Harissa and Semolina cake are very similar. Semolina cakes, though include eggs giving it more of a lighter cake texture while harissa is a much sweeter, thicker texture.
- Arabic Sweet
- 2 tbsp. Tahini
- 4 cups Semolina Wheat (Fine or Coarse depending on preference)
- 1 1/4 cups Pure Butter
- 1 cup sugar
- 1/4 tsp. baking soda
- 2 eggs
- 1 1/4 cups Plain Yogurt
- 2 cups Sugar Syrup
- 1/4 cup blanched almonds
- Dash of Salt
- 3 cups sugar
- 1 cup water
- 1 tbsp. lemon juice
Mix semolina, sugar and butter in a medium mixing bowl with electric mixer until light and fluffy. Add eggs one at a time, beating well between additions.

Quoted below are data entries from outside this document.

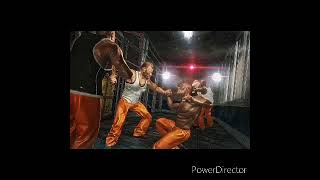 PRISON BEATS                GLADIATOR SCHOOL CALIFORNIA PRISONERS LA COUNTY JAIL PRISONS
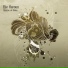 Elie Haroun
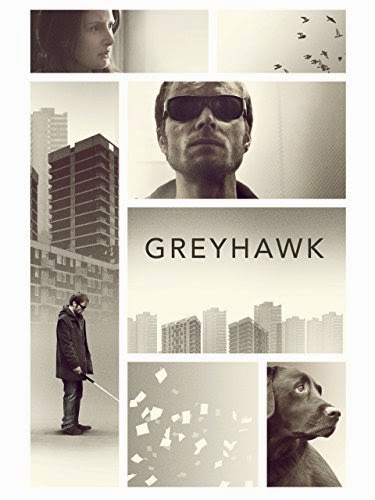 مشاهدة فيلم Greyhawk 2014 مترجم اون لاين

Stir in semolina and baking soda, add Plain Yogurt, Sugar Syrup.
Spread mixture evenly into greased 20x 30 cm with nuts. Bake moderate heat 30 minutes.
Mix water and sugar in medium pan, strring over medium heat without boiling until sugar is dissolved. Stir in juice. Simmer 7 minutes or until slightly thickened (do not allow syrup to change color )
Place whole almond in center of each cake cut.
Pour hot syrup over hot cake leave in pan until syrup has absorbed all syrup then serve warm or cold.